As filed with the Securities and Exchange Commission on December 19, 2025
Registration No. 333-261831
UNITED STATES
SECURITIES AND EXCHANGE COMMISSION
Washington, D.C. 20549
POST-EFFECTIVE AMENDMENT NO. 1 TO
FORM S-8
REGISTRATION STATEMENT
under
the Securities Act of 1933
CGI Inc.
(Exact name of registrant as specified in its charter)
| Québec, Canada | 98-0406227 | |
| (State or other jurisdiction of incorporation or organization) |
(I.R.S. Employer Identification No.) | |
| CGI Inc. 1350 René-Lévesque Blvd West 25th Floor Montreal, Québec Canada H3G 1T4 |
None | |
| (Address of principal executive offices) | (Zip Code) | |
Deferred Stock Unit Plan for the
Members of the Board of Directors of CGI Inc.
(Full title of the plan)
CGI Technologies and Solutions Inc.
11325 Random Hills Road
Fairfax, Virginia 22030,
Attn: Lisa Hertzberg
(Name and address of agent for service)
(703) 267-8000
(Telephone number, including area code, of agent for service)
Indicate by check mark whether the Registrant is a large accelerated filer, an accelerated filer, a non-accelerated filer, a smaller reporting company, or an emerging growth company.
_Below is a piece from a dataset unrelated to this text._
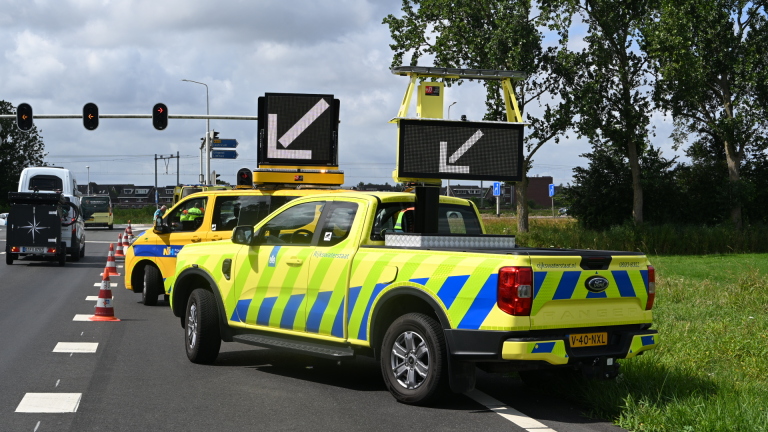 Hulpverleners verzorgen een slachtoffer naast een auto op een afgezet wegvak met pionnen en hulpdiensten op de achtergrond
See definitions of “large accelerated filer,” “accelerated filer,” “smaller reporting company” and “emerging growth company” in Rule 12b-2 of the Exchange Act. (Check one):
| Large accelerated filer |
☒ |
Accelerated filer |
☐ | |||
| Non-accelerated filer |
☐ |
Smaller reporting company |
☐ | |||
| Emerging growth company |
☐ | |||||
If an emerging growth company, indicate by check mark if the registrant has elected not to use the extend ed transition period for complying with any new or revised financial accounting standards provided to Section 7(a)(2)(B) of the Securities Act. ☐
EXPLANATORY NOTE/DEREGISTRATION OF SECURITIES
CGI Inc. (the “Registrant”) is filing this Post-Effective Amendment No. 1. (this “Amendment”) with respect to securities that were originally registered by the Registrant pursuant to the Registration Statement on Form S-8 (File No. 333-261831) (the “Registration Statement”) filed with the Securities and Exchange Commission on December 22, 2021 with respect to 50,000 Deferred Stock Units, without par value, of the Registrant issuable under the Registrant’s Deferred Stock Unit Plan for the Members of the Board of Directors of CGI Inc. (the “Plan”).
The Registrant has terminated the registered public offering of securities under the Plan, and in accordance with an undertaking made by the Registrant in the Registration Statement, this Amendment is being filed solely to deregister the 1,524 Deferred Stock Units that were registered under the Registration Statement and remain unissued under the Plan.
SIGNATURES
Pursuant to the requirements of the Securities Act of 1933, as amended, the Registrant certifies that it has reasonable grounds to believe that it meets all of the requirements for filing on Form S-8 and has duly caused this Post-Effective Amendment No. 1 to the Registration Statement to be signed on its behalf by the undersigned, thereunto duly authorized, in the City of Montreal, Province of Québec, Canada, on December 19, 2025.
| CGI INC. (Registrant) | ||
| By: |
/s/ Francois Boulanger | |
| Francois Boulanger | ||
| President and Chief Executive Officer | ||
No other person is required to sign this Post-Effective Amendment No. 1 in reliance upon Rule 478 under the Securities Act of 1933, as amended.